● **Source material**:
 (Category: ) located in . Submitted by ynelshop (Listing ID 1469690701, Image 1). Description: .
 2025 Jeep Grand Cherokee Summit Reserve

* * *

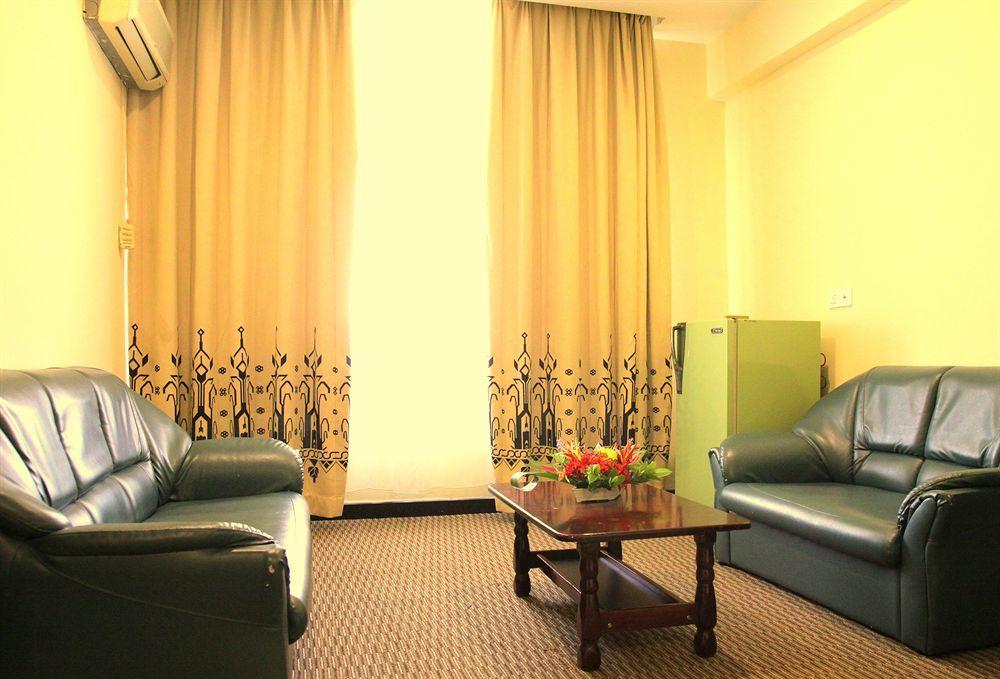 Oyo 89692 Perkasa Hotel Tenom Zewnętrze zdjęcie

● **About this exercise**: Using the data above, reproduce exactly the lines between those holding "(Category: ) located" and "2025 Jeep Grand Cherokee Summit Reserve", inclusive, and no others.

● **Response**:
 (Category: ) located in . Submitted by ynelshop (Listing ID 1469690701, Image 1). Description: .
 2025 Jeep Grand Cherokee Summit Reserve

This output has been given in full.